In the U.S., it was named a finalist in the autobiography category for the 2018 National Book Critics Circle Award.

==Critical reception==
The Day That Went Missing received favorable reviews from literary critics during both the 2017 U.K. and 2018 U.S. releases.

Andrew Holgate, writing in The Sunday Times, called it "a memoir of real truth and heartbreaking emotional heft.” Novelist Nicholas Shakespeare reviewed it for The Spectator and described it as "A monument to the power of literature...a wonderful memoir but also a salvage operation in which he writes himself back into life." The Scotsman literary critic Stuart Kelly said it was "a book of consistent astonishments...Beard is one of our most accomplished authors."

The reviews for the 2018 U.S. release were similarly positive: Laurie Hertzel wrote in the Minneapolis Star Tribune: "Beard’s book has all the required elements of a great memoir—a compelling story, deep introspection, fine writing and an unflinching quest for factual and emotional truth. This haunting book is a profoundly moving study of memory, denial and grief." Publishers Weekly described it as "stunning...His beautifully written story is heartbreaking and unforgettable", and Kirkus Reviews said of it: "Meticulously crafted and searingly honest, Beard’s narrative is at once a story about the long and difficult road to self-forgiveness and a commentary on the wages of British emotional repression."

==Related writing==
To coincide with the April 2017 UK release of The Day That Went Missing, Beard penned two articles for the newspaper The Guardian.

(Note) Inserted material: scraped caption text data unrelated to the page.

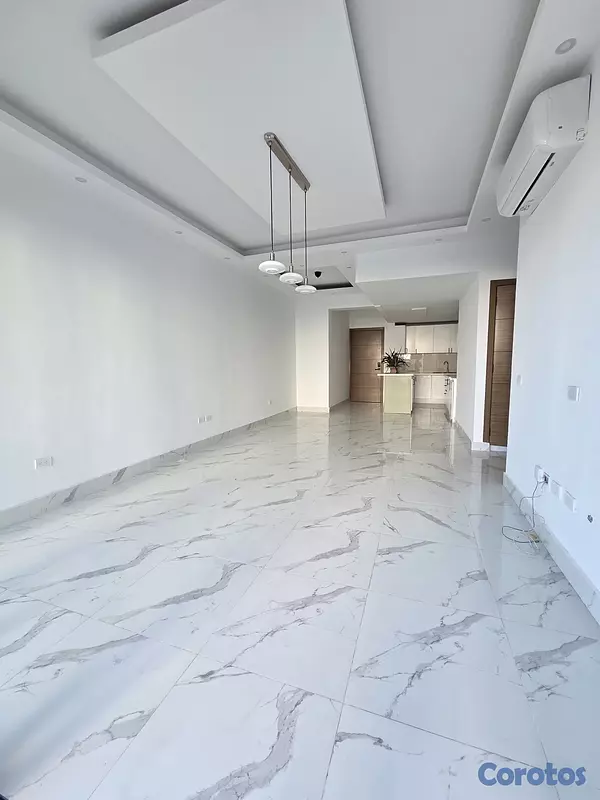 apartamentos - alquiló bella vista sur piso 4 con línea blanca tres habitaciones 2.5 baños dos  7
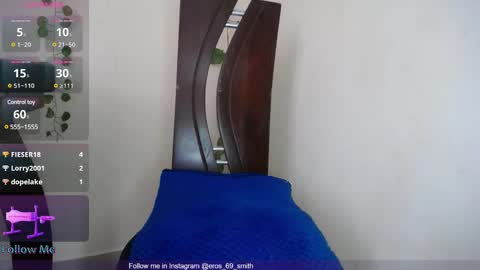 Eros Smith online show from 01.23.25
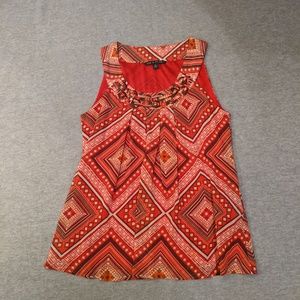 Patterned Tank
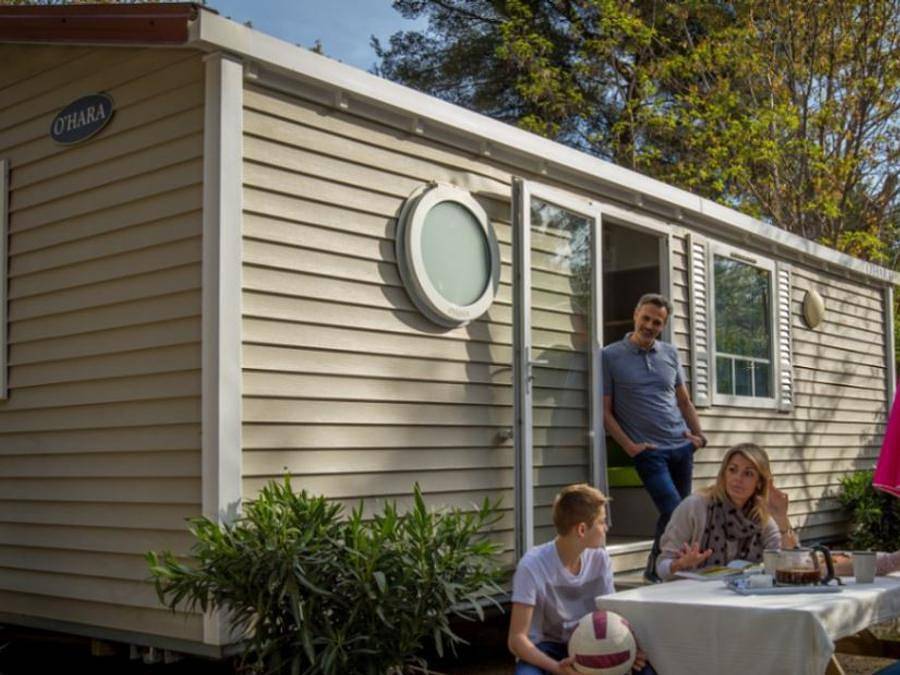Camping Marina Plage - Mobilhome 4 personnes - Ophea 734 M6 in Vitrolles, Côte méditerranéenne (France)
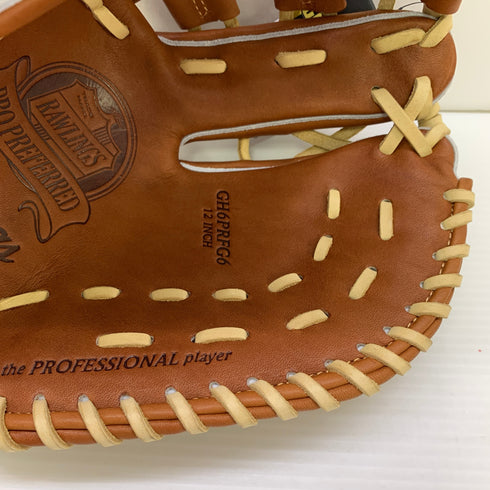 ローリングス Rawlings プロプリファード PRO PREFERRED GH6PRFG6 硬式 大人 一般 ファーストミット 一塁手 グローブ グラブ 右投げ タグ付き 野球 1232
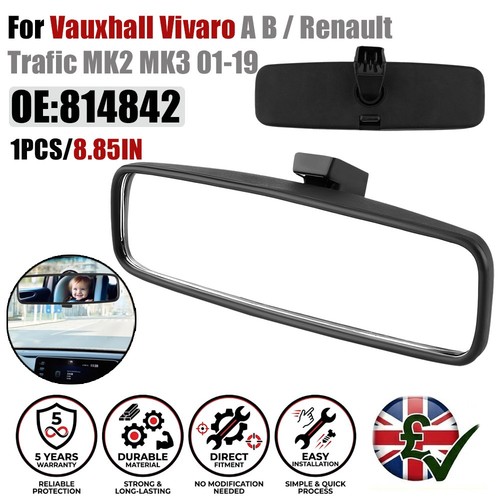 Interior rear view windscreen - interior,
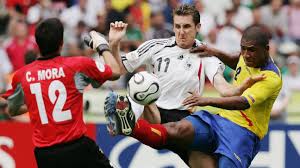 Ecuador Vs Alemania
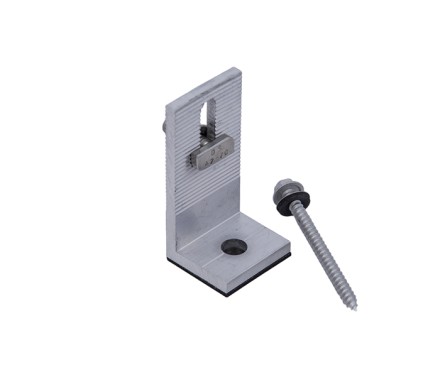 Крепление L-образное для кровельных опорных конструкций B2.Solar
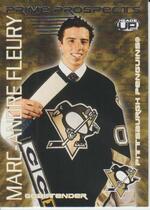 2003 Pacific Heads-Up Prime Prospects #17 Marc-Andre Fleury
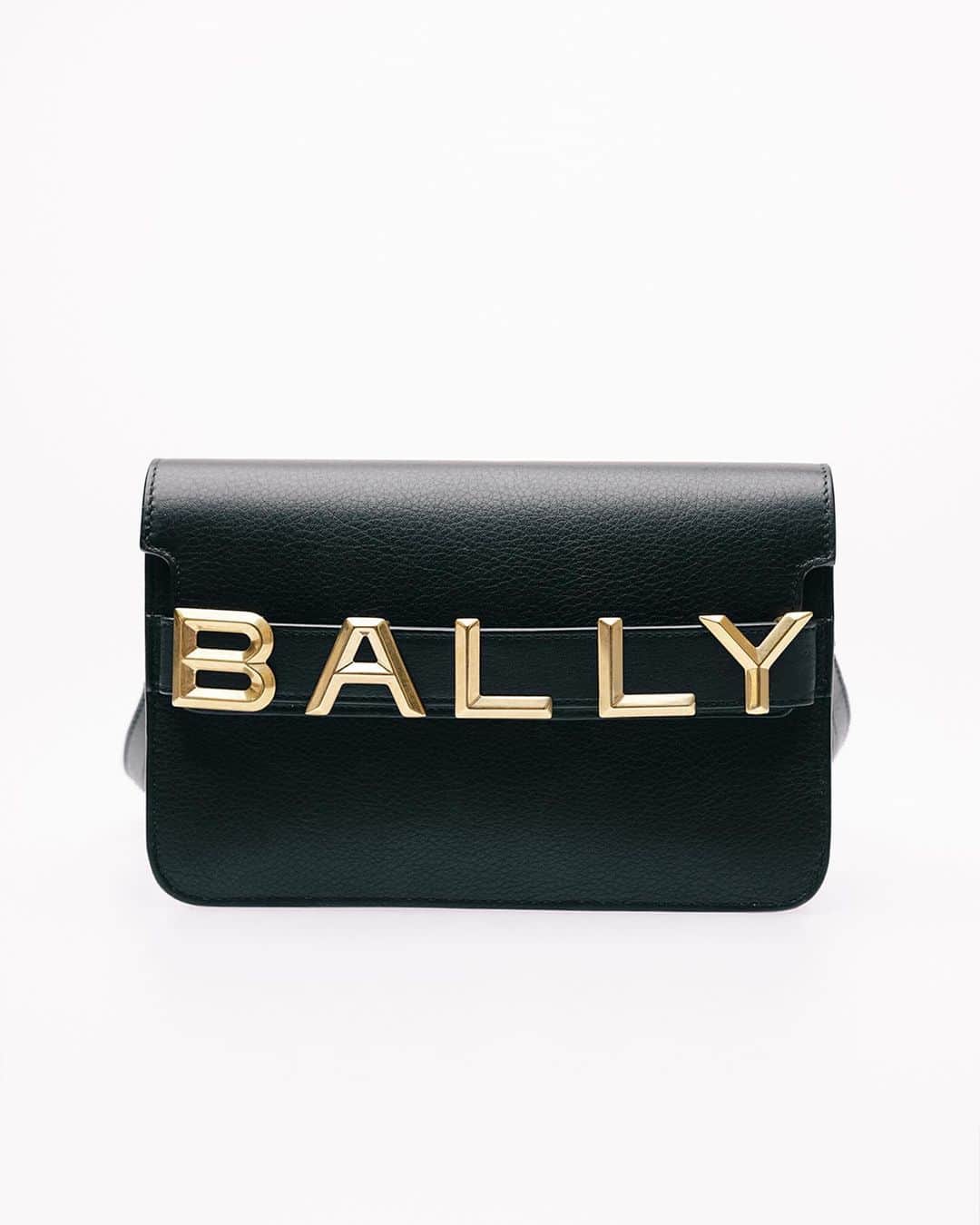 バリーのインスタグラム：「MAKE IT BALLY  Available in four cross-body and belt styles, the Spell collection is made by hand according to the values of Swiss precision, and offers playful versatility, rooted in elegance and exceptional craftsmanship.  #Bally」
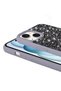 iPhone 15 Plus Case with Glitter Diamonds and Raised Camera Silicone Senk - 5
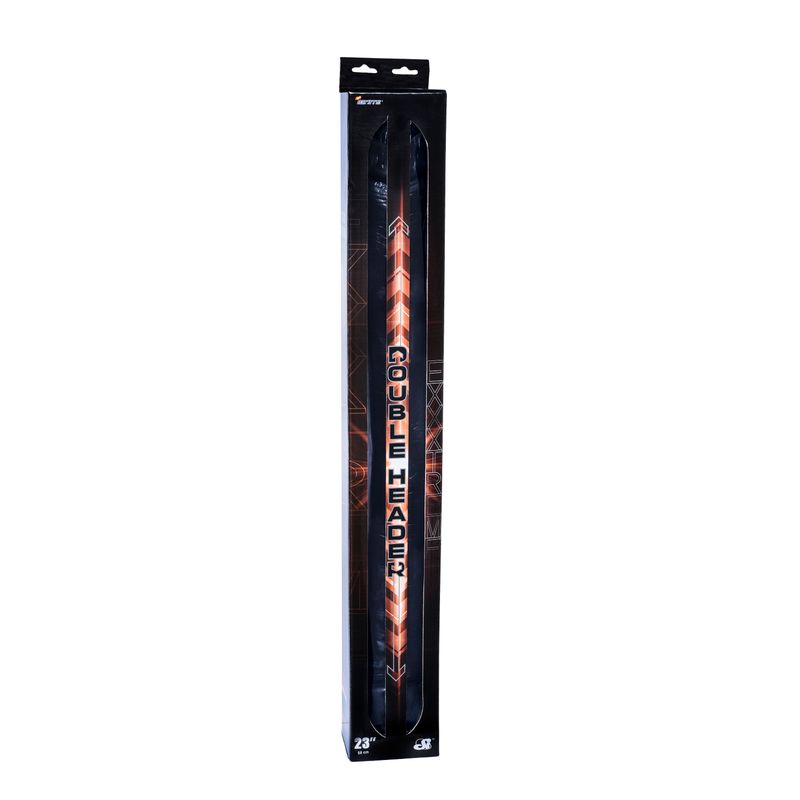 Exxxtreme Double Dong 23in Black - Hush Store Sydney 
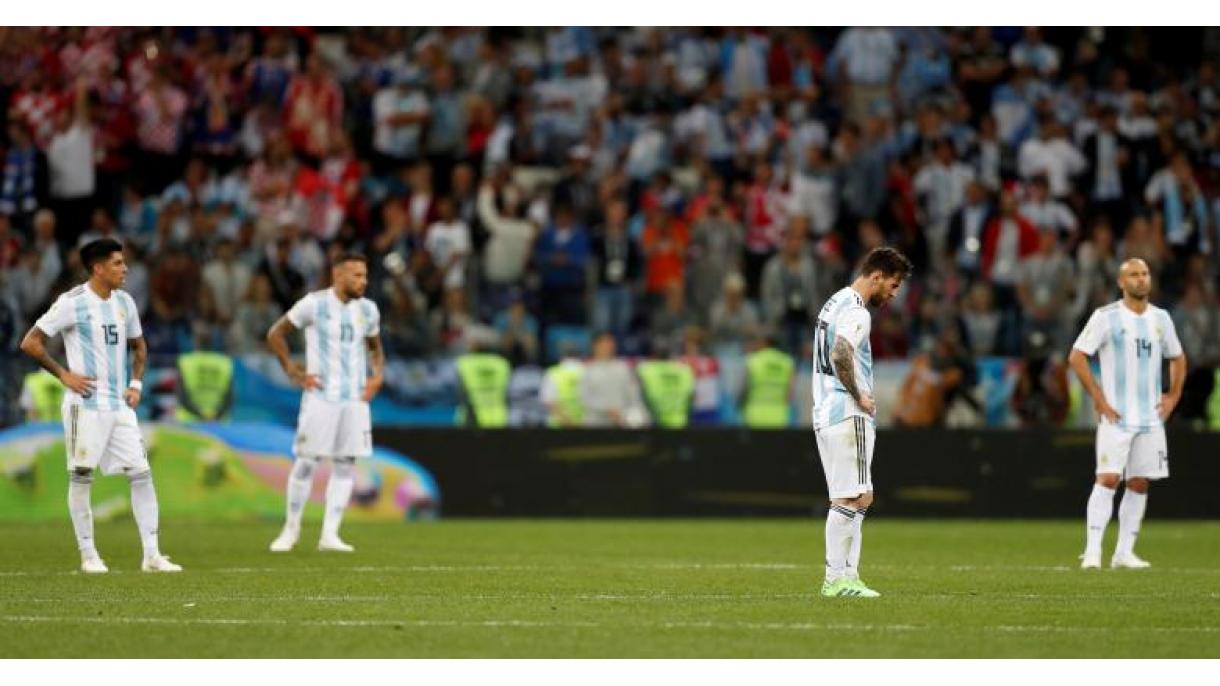 Após goleada, jogadores da Argentina falam sobre jogo contra a Croácia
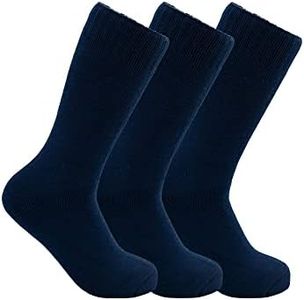 3 Pack Work Tough Men's Heavy Duty Bamboo Work Socks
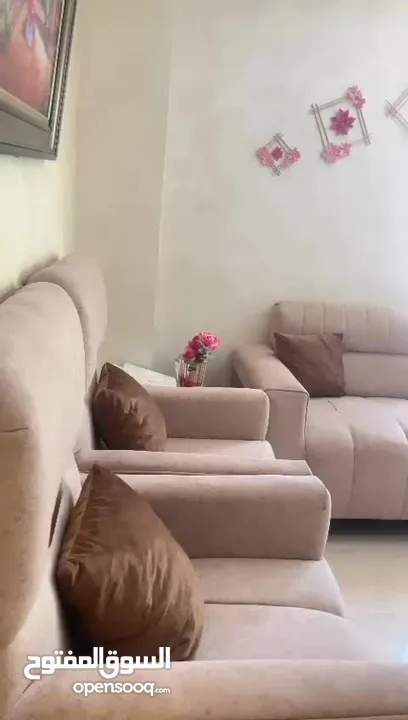 طقم كنب مودرن 7 مقاعد
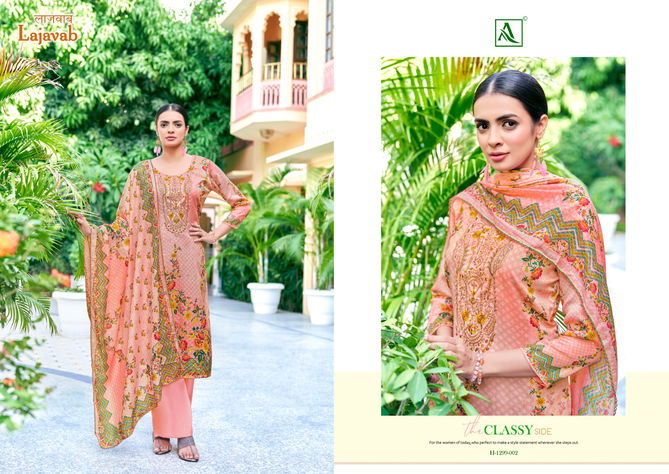 Lajawab By Alok Suits Printed Cotton Dress Material Catalog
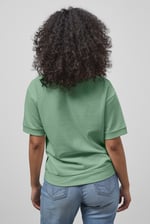 Mesh Textured Polo Shirts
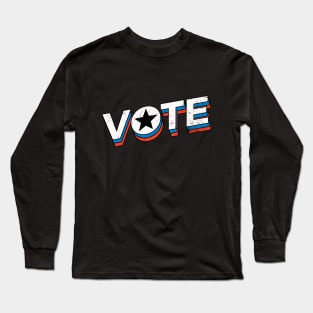 Vote 2020 Long Sleeve T-Shirt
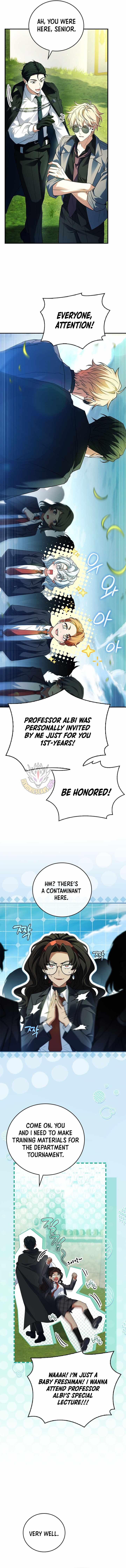 Legendary Hero Is an Academy Honors Student Chapter 53 - Page 4 in English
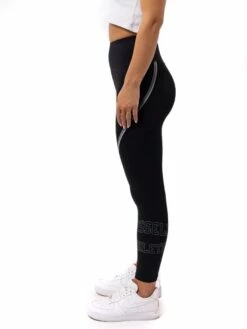 Russell Athletic Two Stripe Legging Womens 11 Russell Athletic Two Stripe Legging Womens -Onsport Shop 2020ratadfinrwb592blk blk 04 detail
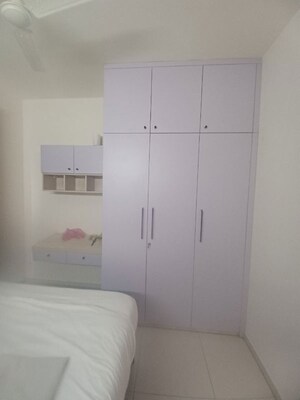 Bathroom in 2 BHK Apartment at Godrej Royale Woods, Devanahalli – for Rent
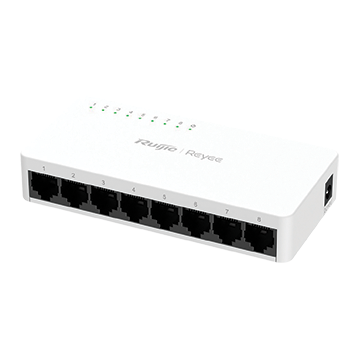 8 Port Gigabit Unmanaged Non-PoE Network Switch (Plastic Housing)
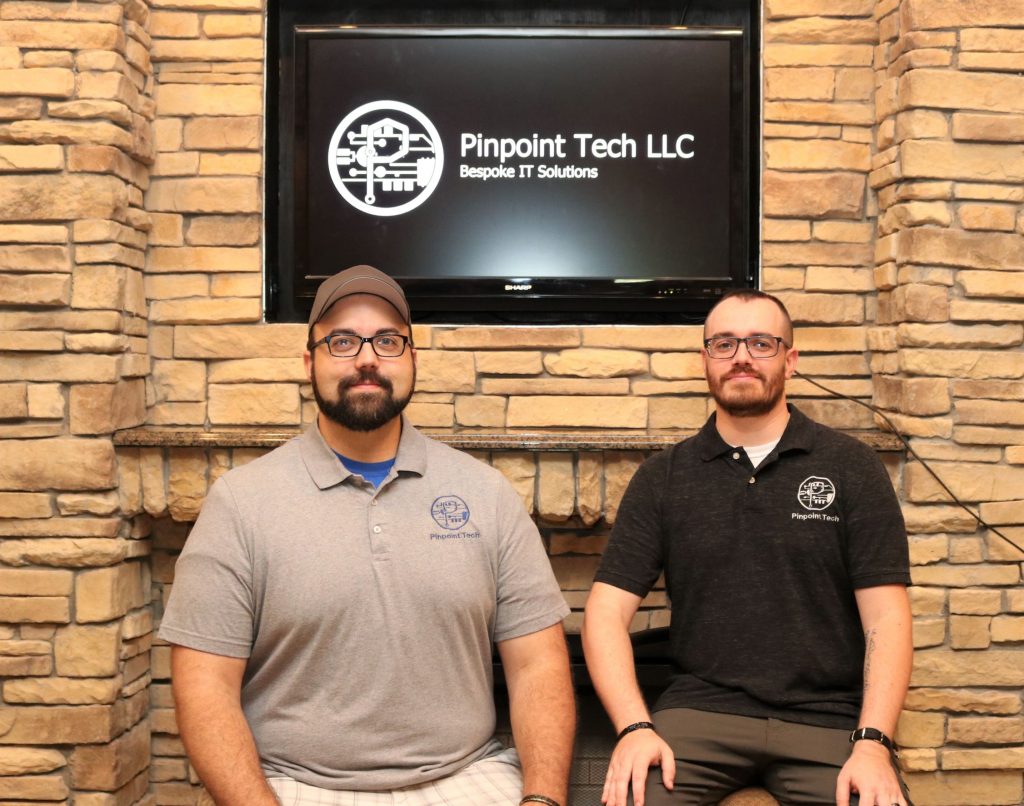 Jacob Tabbert and Benjamin Arthaud, Owners of Pinpoint Tech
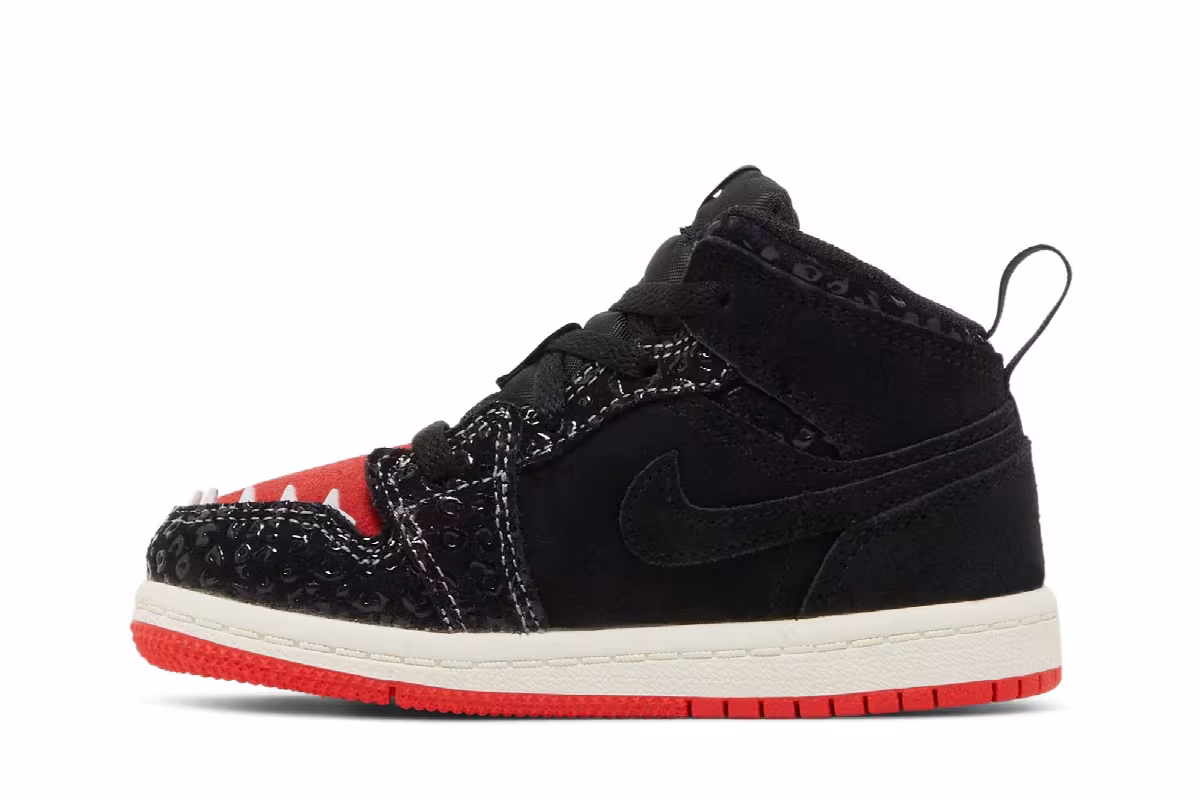 Air Jordan 1 Mid SE TD SiEMPRE Familia, view 4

In the first, he wrote about rediscovering, after years of repressing any thoughts of his younger brother, the contentious relationship the two of them had shared. Reading Nicky's laudatory school reports for research:"I realised, or remembered, that on the far side of the wall we had been rivals...His growing up endangered my status. Bluntly, at that stage in our lives, we didn’t like each other, and then he died...Stubborn little bastard, yes, I remember that now. He holds his own and does well to compete with others who are often physically much larger than he is.' Like an older brother, for example. Wiry, indefatigable, he just kept coming...Fuck off, Nicky, I miss you more than I ever said."He concluded the article by writing:"Nicky’s forcefully lived life, however brief, refused to stay repressed. He gave 100% and was never satisfied. Everybody said so, and a boy like that was always going to make it back. He took his time, and death delayed him, but eventually he caught me up."In the second article, Beard discussed the impact that writing the book had on him and his family after decades of not speaking about Nicky: "The trouble with denial is that it’s not a precision tool. All those years ago, we closed our eyes against Nicky’s death. But in resisting grief we shut out other stuff too, like the joy Nicky brought us and the characteristics that made him an individual human being...It was worth toughing out the doubts to discover that a book could bring my immediate family closer. I speak more often to my brothers and the response of my children reassures me that emotional dumbness needn’t pass glumly from one generation to the next. Mum sends me frequent postcards, dotted with exclamation marks, to say that at last she feels a weight has been lifted, though she also laments the waste of time, our long, ungiving silence."